A Sacramento Superior Court Judge has ruled that a Folsom, California ordinance restricting the sale of sex toys does not violate a business owner's First Amendment right to freedom of speech.

Jim Downing wrote in The Sacramento Bee that the challenge to the ordinance was brought by Sam and Misty Dufour, owners of Ms. Teaz, a lingerie shop in Folsom’s Historic District.

A November, 2004, emergency ordinance, the story continued, was passed by the city shortly before Ms. Teaz opened its doors, transparently targeting the store. The ordinance, which prohibited the sale of explicit items such as bondage paraphernalia, as well as requiring blinders on displays of adult magazines, was made permanent in January 2005. Although the city never actually cited the store, Downing wrote, the owners brought suit because they felt harassed by the license approval process.

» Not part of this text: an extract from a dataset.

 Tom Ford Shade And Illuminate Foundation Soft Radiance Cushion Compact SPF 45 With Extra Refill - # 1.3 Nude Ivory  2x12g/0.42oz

The report continued by saying that Dufour's attorney, Greg Garrison, argued that the city's ordinance was vague and contradictory. For example, said Garrison, the ordinance prohibits "devices with non-sex-related utility being marketed ... in a manner promoting sexual or sadomasochistic uses."

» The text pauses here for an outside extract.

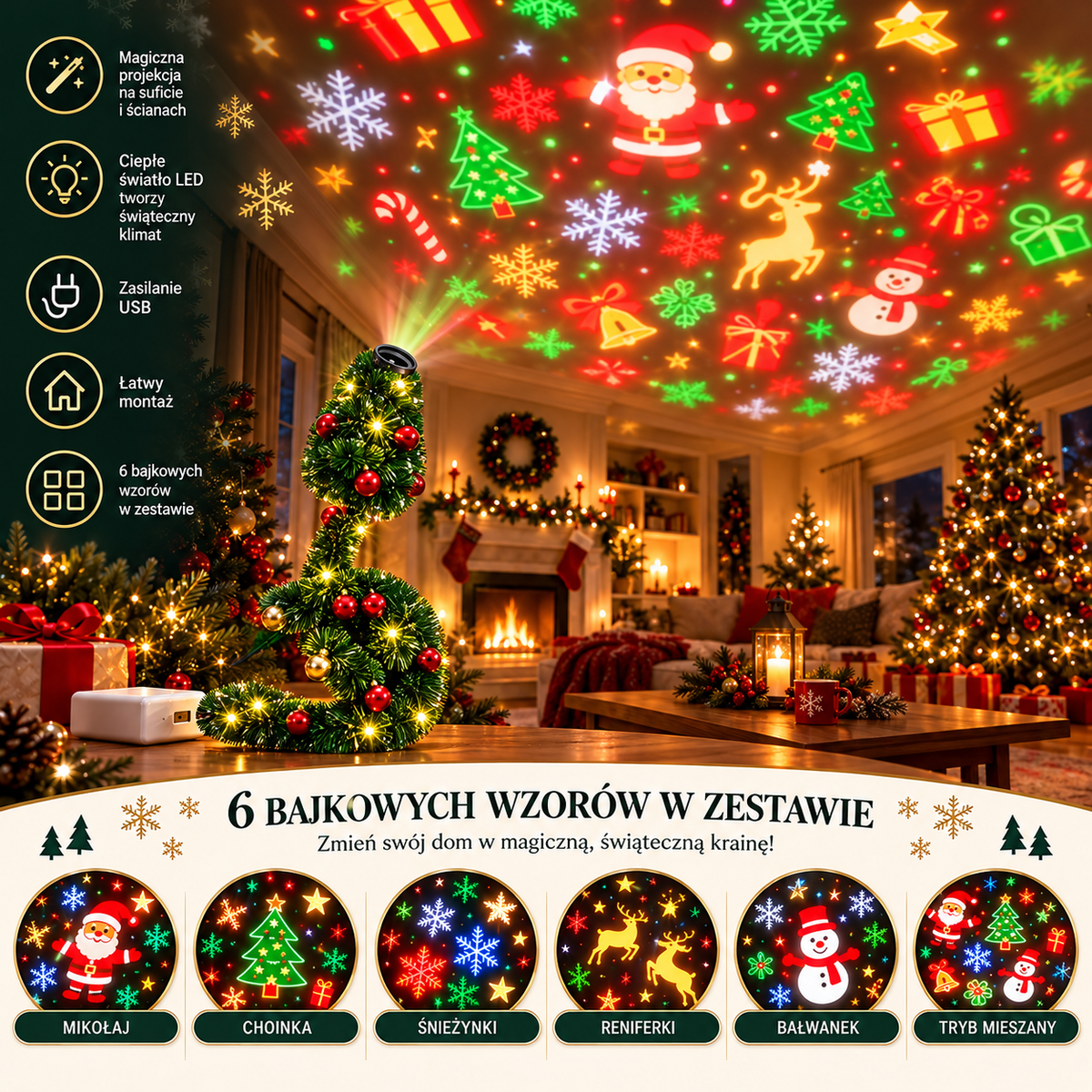 Magiczny Projektor Świąteczny LED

Garrison said that language unfairly allows Target or Wal-Mart, for instance, to sell toy handcuffs, while similar handcuffs could not be sold at Ms. Teaz, because, in that context, they would be marketed for their "sexual utility."

However, Judge Connelly rejected that line of reasoning, said the report. A marketing restriction can't be "bootstrapped" into a free-speech issue,” he said.

"If you follow that to its logical conclusion, then every product would fall under the First Amendment,” Connelly told The Sacramento Bee.